While Hyderabad Beats started off as an online student community magazine two years ago, its members wanted to expand their ventures and take their activism to a different level. Now comprising 12 young professionals, Hyderabad Beats launched its latest campaign #ifixhyderabad to encourage other like-minded citizens to join them in their endeavour to give the entire city a facelift and discourage defacing of public property and rampant littering.
Aravind B., an entrepreneur and member of Hyderabad Beats, says , “We wanted to launch citizen level campaigns to get people to be more proactive. One of our first campaigns was to save our lakes before we came up with the hashtag #ifixhyderabad. Now our signature, we use this hashtag to create events on social media inviting volunteers to join us to spruce up specific areas in the city every fortnight.” He adds that people can use the hashtag to post pictures or information about areas that need a facelift and the group will work towards beautifying that area.

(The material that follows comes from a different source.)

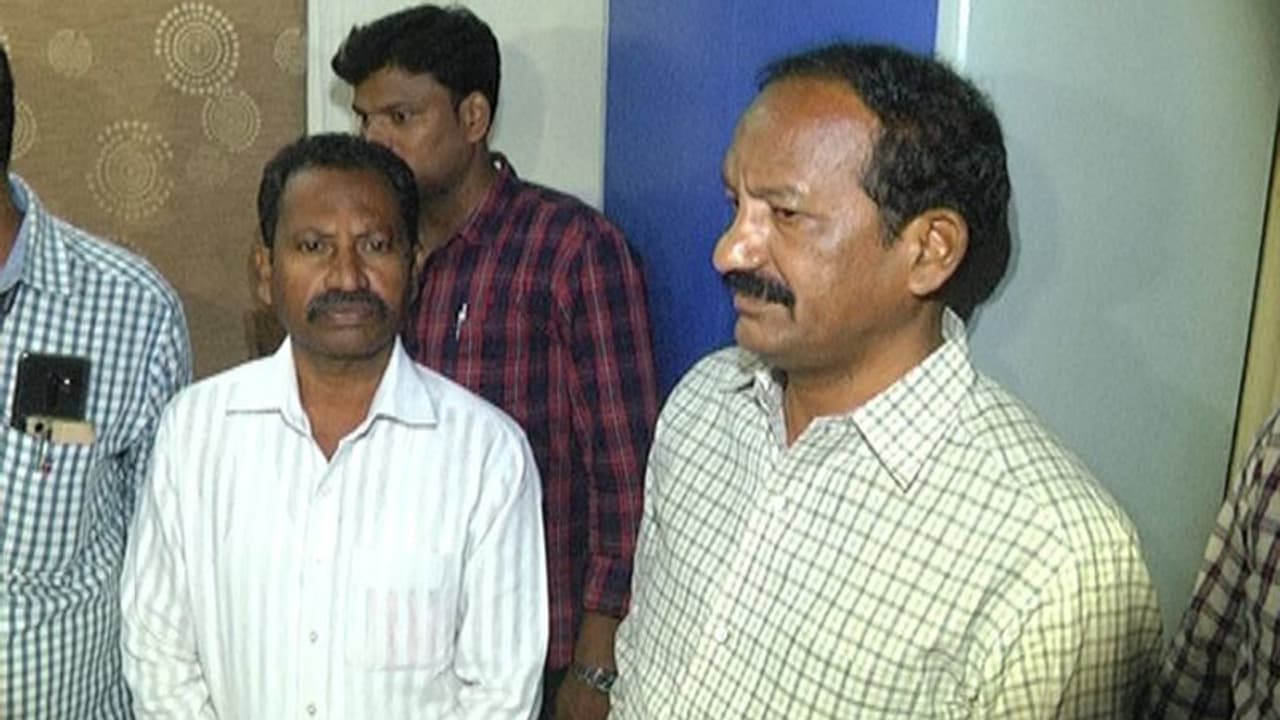 విశాఖలో ఎసిబికి చిక్కిన మరో అవినీతి తిమింగలం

One of the first areas that they targeted as part of their #ifixhyderabad endeavour was the Lingampally bus stop. “We’d noticed that this particular bus stop was in a pathetic condition with a nearly one inch thick layer of handbills on the walls, filth, rampant littering and urination. Commuters wouldn’t even use the bus stop due to the amount of filth there. We armed ourselves with cleaning supplies and paints and set about our work to spruce it up.

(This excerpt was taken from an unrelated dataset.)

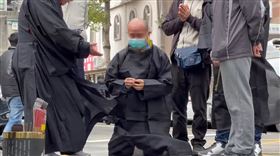 郭信一,擲筊,槍殺,槍手,家屬,黑人家族（圖／翻攝畫面）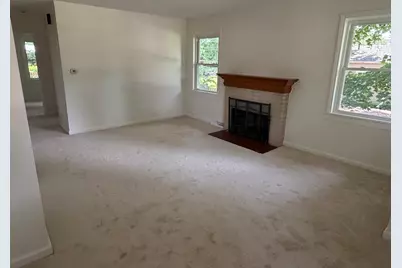 150 Woodland Road, Libertyville, IL 60048 - Photo 2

What was encouraging was how random passers-by stopped to watch and even joined in to give us a helping hand, while somebody else sent across tea and soft drinks for us. Even bus drivers parked their vehicles close to the stop to help us reach the roof of the bus shelter,” says Sai Kumar Emani, a social entrepreneur.
What the group also noticed was that once they’d beautified a particular area, people refrained from littering it again. Encouraged by the success of their first experiment the group began targeting other areas and have so far managed to spruce up places like Patny, Jubilee Checkpost, KPHB Colony bus stop and Hitec City Junction among others. “We also do follow-ups and maintenance drives. What helps is that hawkers and regulars in the areas also dissuade people from littering or posting bills again,” says Srikanth Koushik, a software engineer, who is in charge of following up on the group’s work.

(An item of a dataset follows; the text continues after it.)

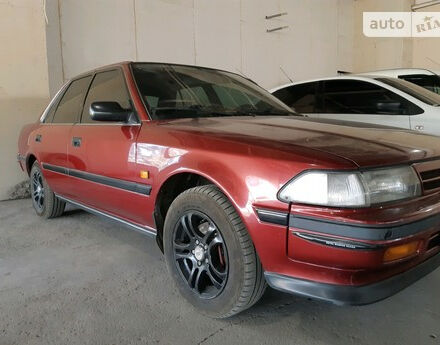 Toyota Carina 1992 року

Intent on expanding their work and roping in more citizens to be socially conscious the group now plans to launch two more campaigns – a tree plantation drive in the monsoons and filling up potholes. “We get a large number of volunteers through the online events we create and that really helps. That apart, even passers-by stop by to pitch in and help. We are confident that we can now expand our campaign with all the support we receive,” explains Aravind, adding that they are currently working on obtaining permissions from civic authorities for their campaigns.